Romance novels, along with other genre novels, are often called escapist. This is used as a denigrator, as if escape is a bad thing. Who needs to escape? People in a cage. Who objects to escape? People who control the cage.

In romance novels, readers can live vicariously through the heroine. They can go to the ball. They can visit exotic places, triumph over the villain, fall in love with a rogue and have their heart broken then discover someone worthy to love instead.

They can take a break, a rest, from whatever consumes their day-to-day lives,—a high-pressure cut-throat job, childcare and housework, a daily grind just to pay the bills, illness or disability—and try being someone else for a change.

Escapist fiction broadens the view of what is possible. No wonder the establishment regarded it then, and still regards it now, as Dangerous.

#4 Because the author-ity

It has been said that men write about the big picture and women about the domestic world.
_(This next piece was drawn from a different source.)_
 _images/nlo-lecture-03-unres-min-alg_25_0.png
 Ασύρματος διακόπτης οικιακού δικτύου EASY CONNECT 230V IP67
This is a gross generalisation, of course. But certainly as a reader I tend to read more books by women than by men, because I’ve found that books by men tend to focus more on the chase, the action, while books by women tend to focus more on the personal growth of the characters. And I’m interested in people and how they interact.

An article about a program that picks the gender of a writer based on a piece of text has this to say:

Men more often concern themselves with actions, ideas, and analysis. Women more often concern themselves with processes, perceptions, and implications. Philip Ball observes, “men talk more about objects, and women more about relationships.”
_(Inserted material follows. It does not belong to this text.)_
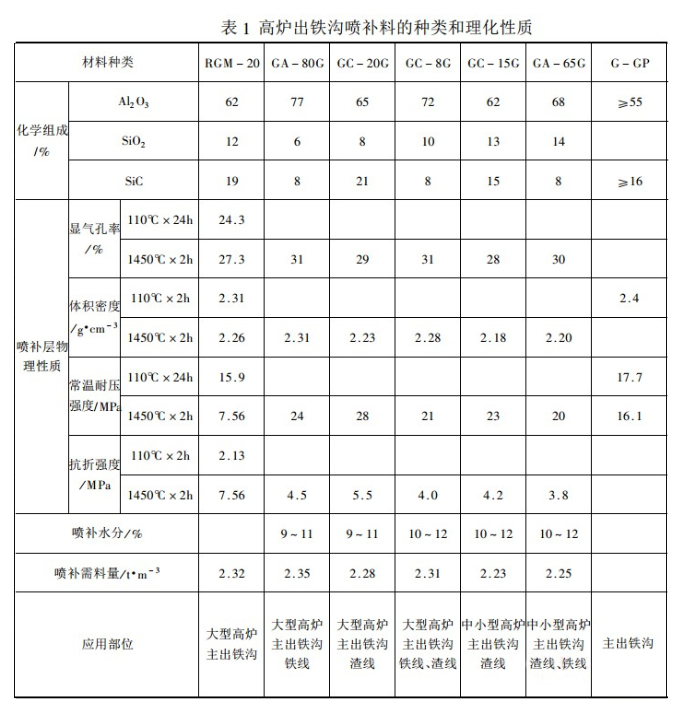 出铁沟内衬耐火材料侵蚀严重，应该如何进行喷补维护?(图3)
Gender Genie claims a 60–70% accuracy, which is better than a random guess.

Romances are about human relationships, usually from the perspective of a woman. Women are the authority. More than that, a woman is usually the author. And in the (fictional) world controlled by the woman author, before the end of the novel the male love interest is going to learn to love, respect, understand and value a woman.

(When I got to this part of my talk, a man in the audience asked me if that meant this might lead readers to be disappointed in real life men, to which I answered ‘Yes, absolutely. And a good thing, too!’

Romances that teach women that they can be loved, respected, understood and valued are very Dangerous Books.)